Log exports up 38.9% YE April 2016

Australia’s exports of logs grew a remarkable 38.9% over the year-ended April 2016, reaching over 3.515 million m3 and adding almost 1.000 million m3 to total exports. While exports of softwood logs continue to dwarf those of hardwood logs, growth in hardwood log exports was a massive 277.5%, albeit from a low base. The big lift in exports highlights important policy questions, especially about the adequacy of the nation’s plantation estate.

Total roundwood or log exports are detailed in the following chart, which displays better than any other available tool, the continuous increase in Australia’s log exports since the beginning of 2013.


To go straight to the dashboard and take a closer look at the data, click here.

Leaving aside the occasional monthly blips (December 2015 and January 2016 are examples), the last eighteen months has seen almost continuous increases in monthly export levels, with an apparent plateau having been reached in the early part of 2016. Total log exports settling it at between 250,000 m3 and 300,000 m3 per month seems entirely likely on the data and industry intelligence.

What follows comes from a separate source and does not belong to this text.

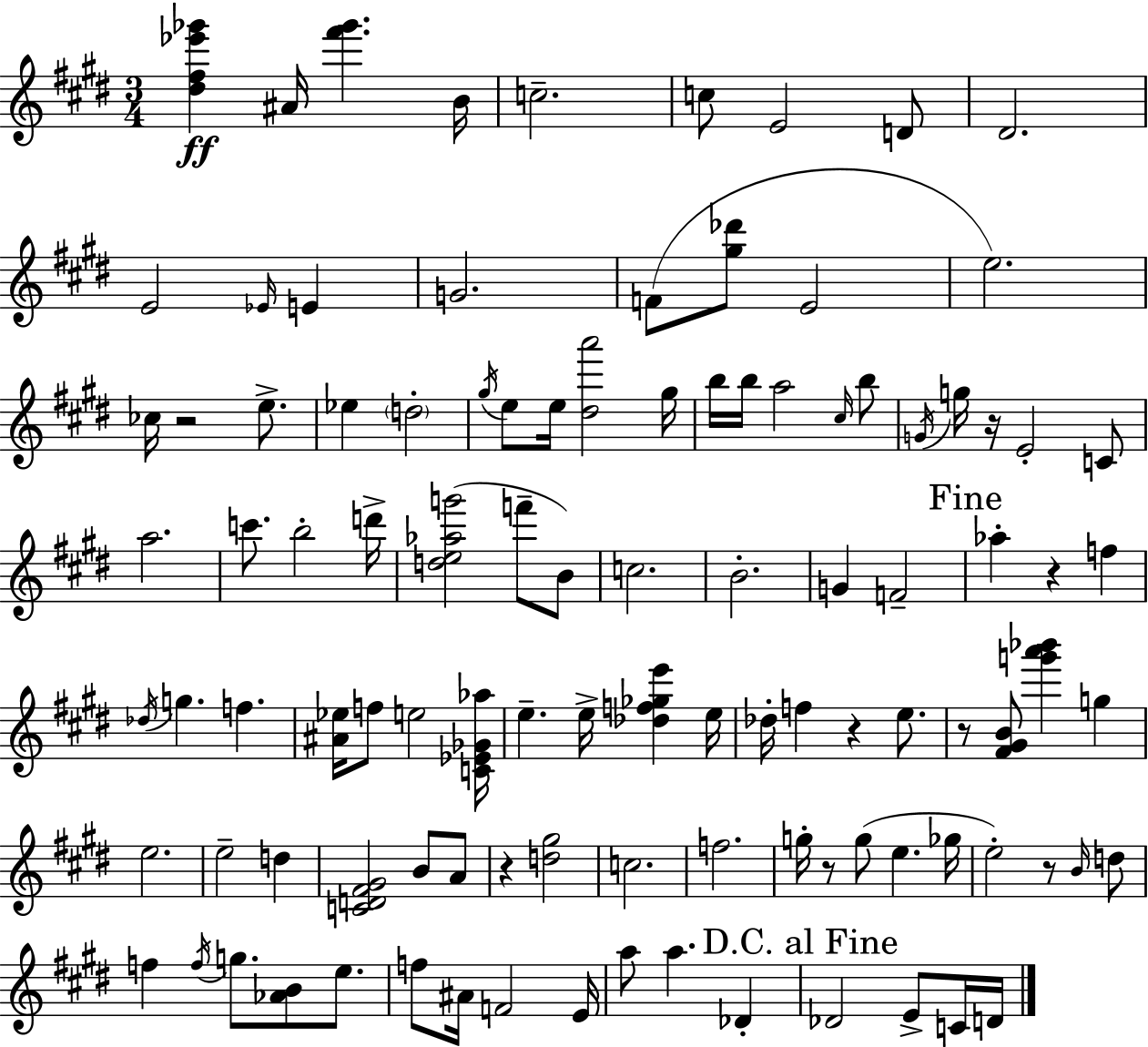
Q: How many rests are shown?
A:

As outlined above, the significant proportion of exports is softwood logs, and other than hardwood logs, the other log exports (including treated logs and tropical species logs) total less than 10,000 m3 per annum.

The table below sets out exports of softwood logs and hardwood logs over the last two years.

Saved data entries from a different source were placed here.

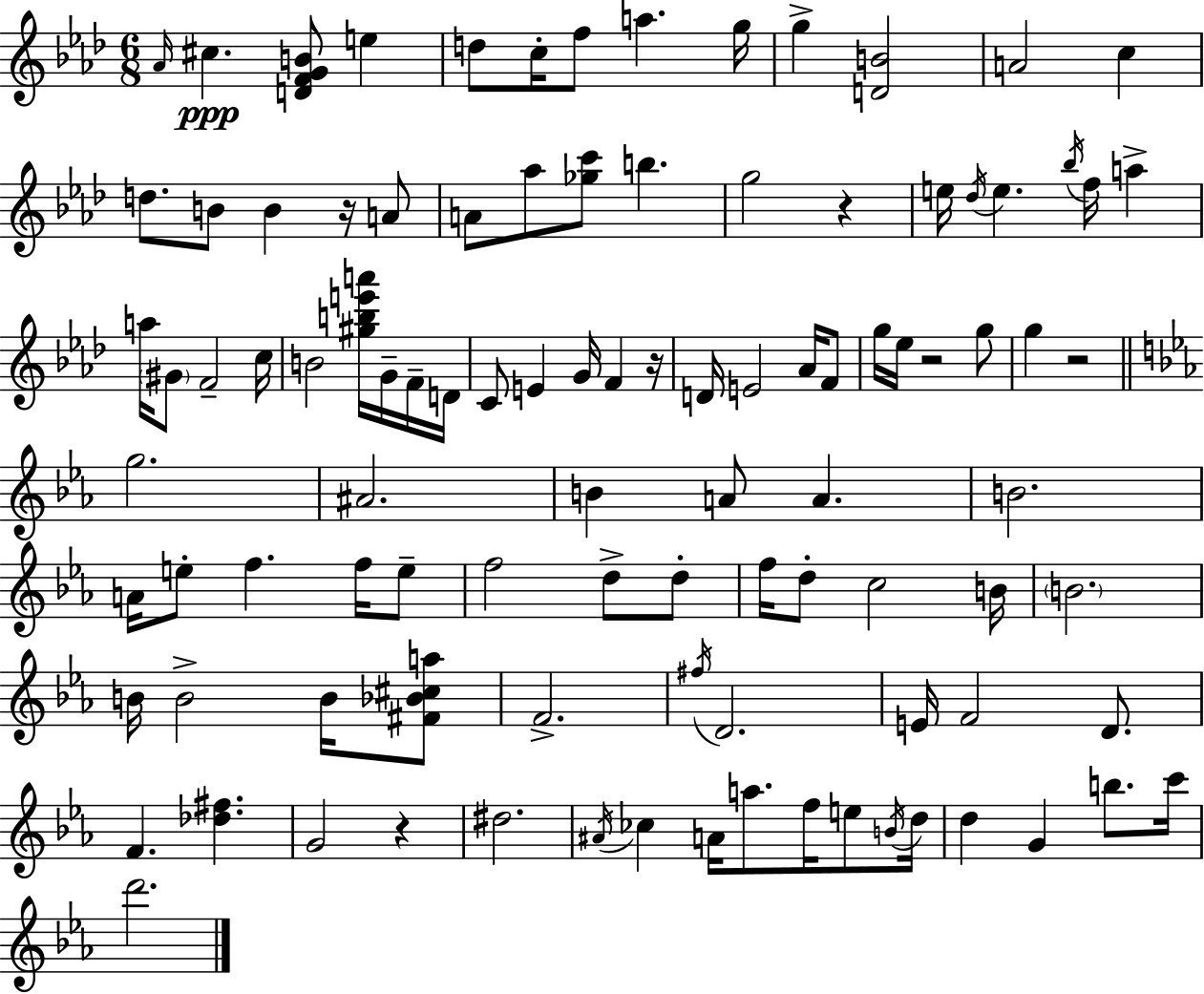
X:1
T:Untitled
M:6/8
L:1/4
K:Fm
_A/4 ^c [DFGB]/2 e d/2 c/4 f/2 a g/4 g [DB]2 A2 c d/2 B/2 B z/4 A/2 A/2 _a/2 [_gc']/2 b g2 z e/4 _d/4 e _b/4 f/4 a a/4 ^G/2 F2 c/4 B2 [^gbe'a']/4 G/4 F/4 D/4 C/2 E G/4 F z/4 D/4 E2 _A/4 F/2 g/4 _e/4 z2 g/2 g z2 g2 ^A2 B A/2 A B2 A/4 e/2 f f/4 e/2 f2 d/2 d/2 f/4 d/2 c2 B/4 B2 B/4 B2 B/4 [^F_B^ca]/2 F2 ^f/4 D2 E/4 F2 D/2 F [_d^f] G2 z ^d2 ^A/4 _c A/4 a/2 f/4 e/2 B/4 d/4 d G b/2 c'/4 d'2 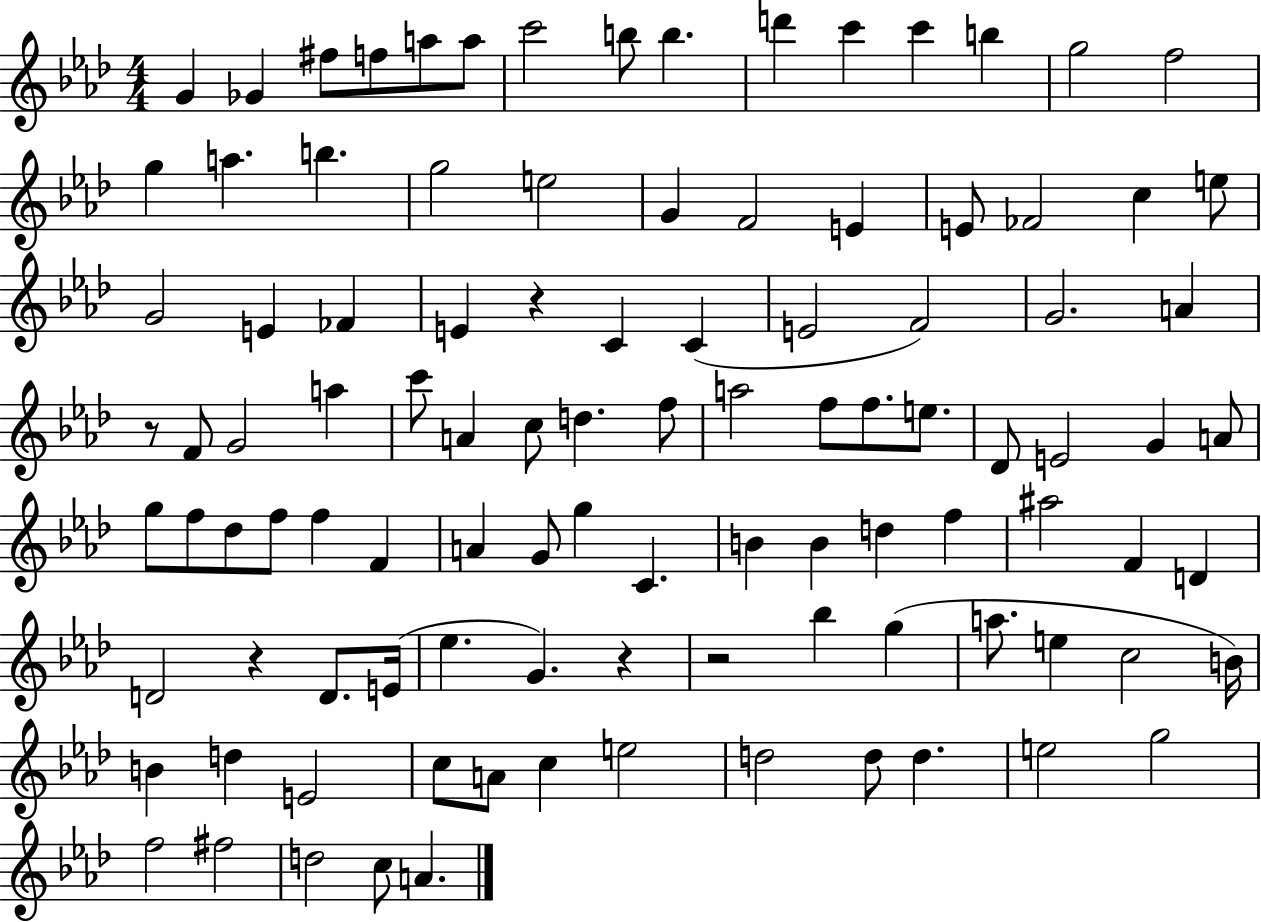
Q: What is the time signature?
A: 4/4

   Year Ended Apr ‘15  Year Ended Apr ‘16  % Change
 Softwood Logs  2,431,485  3,159,500  29.9
 Hardwood Logs  92,535  349,327  277.5

It is plain to see that what has come to be known as the ‘wall of wood’ is being exported in log form, as much as it is being exported as woodchips.

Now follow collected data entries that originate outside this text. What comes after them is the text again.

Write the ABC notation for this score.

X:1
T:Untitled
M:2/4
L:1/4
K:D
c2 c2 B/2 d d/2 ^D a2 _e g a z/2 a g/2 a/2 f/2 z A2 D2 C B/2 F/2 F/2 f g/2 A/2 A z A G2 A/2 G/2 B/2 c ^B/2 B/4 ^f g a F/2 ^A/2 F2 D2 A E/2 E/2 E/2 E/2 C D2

Although the conditions and circumstances are different by species and also by region, there is no escaping that some processors are concerned about the volume of log exports, wondering at what point their own supplies may be curtailed by the export trade. That is part of both the global fibre market’s dynamics, as much as it is of the local market situation.

Ultimately, what it underscores is the Australian industry’s concern that Australia has insufficient plantations to meet the demand for forestry and wood products now, let alone in the future.